Kate pressed a couple of buttons and then put the mobile to her ear. She had saved Rosie’s message and the sound of her voice still made her quiver.
This is a message for Ka
te Rickman. . .
Rosie sounded calm. Trust her to use her new name so easily, so naturally. She, herself, wasn’t used to it yet and had failed to respond to several people who had spoken to her. That was why Sally and Rob had made a point of repeating it over and over again. Kate this and Kate that. It sounded funny to her, false, like a character in a film. Alice had been strange at first but then, after a few months, she had become Alice. She had left Jennifer behind in the past, a figure in a photograph, frozen in time, never to grow old. Now she had to leave Alice behind as well.
It’s Rosie here.
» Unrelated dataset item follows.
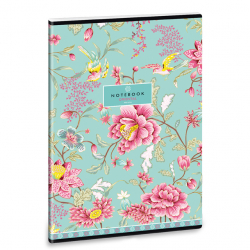 Zoit A4 40 listov ORIENTAL TURQUOISE
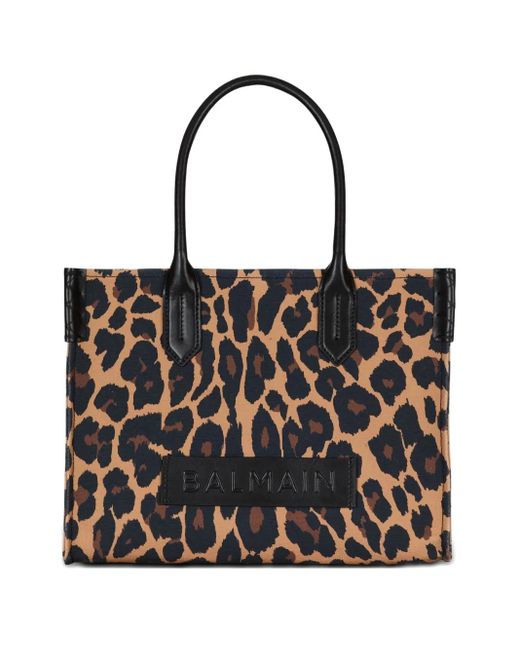 Balmain Black B-Army 36 Tote Bag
Jill gave me your number and I just thought I’d call and wish you luck when you start uni next week. . . Everything’s OK here, all the fuss seems to have died down, you’ll be pleased to hear. . .
There was a few moments’ quiet and Kate pictured Rosie, fiddling with her earring, not knowing quite what to say.
Hope you’re getting on all right with the laptop. Everyone swears by them but, you know me, I’d rather use pen and paper. . .
Kate gripped the phone. Even though she’d heard the message a dozen times she still felt that Rosie was there, on the other end of the line, waiting to hear her voice.
I got your letter and I’ll keep it among my important papers. You know. . . Kate. . . I won’t forget you. You brightened up my life for a long time. . . Don’t lose that. When your life starts to calm down you’ll have everything you deserve.
There were a couple of coughs and the sound of snuffles. Kate swallowed back, her teeth clenched together. What did Kate deserve? A life of some sort, she supposed. Like Alice Tully had? A home; a job; friends; a boyfriend. Those things had seemed real and solid. Instead they had been as fragile as tissue paper. One puff of air and they had floated away. Then she had nothing.
Thing is . . . you mustn’t contact me in case. . . You know . . . in case anyone is trying to find you. But I’ll write to you, when you’re settled in uni. And who knows, one day I’ll maybe pay you a visit.
The line went dead. No doubt Rosie had pressed the end button before she meant to. How typical of her. She let the mobile drop on to the bed beside her and closed her eyes for a few moments. There were sounds from all over the building. Plodding footsteps on the stairs, irritated voices moving along the corridors, the sound of furniture shifting and doors opening and closing. A shriek of recognition from a girl and the low rumble of male voices from outside the window. A horn tooting in the distance and closer, from underneath, the thudding sound of someone’s stereo.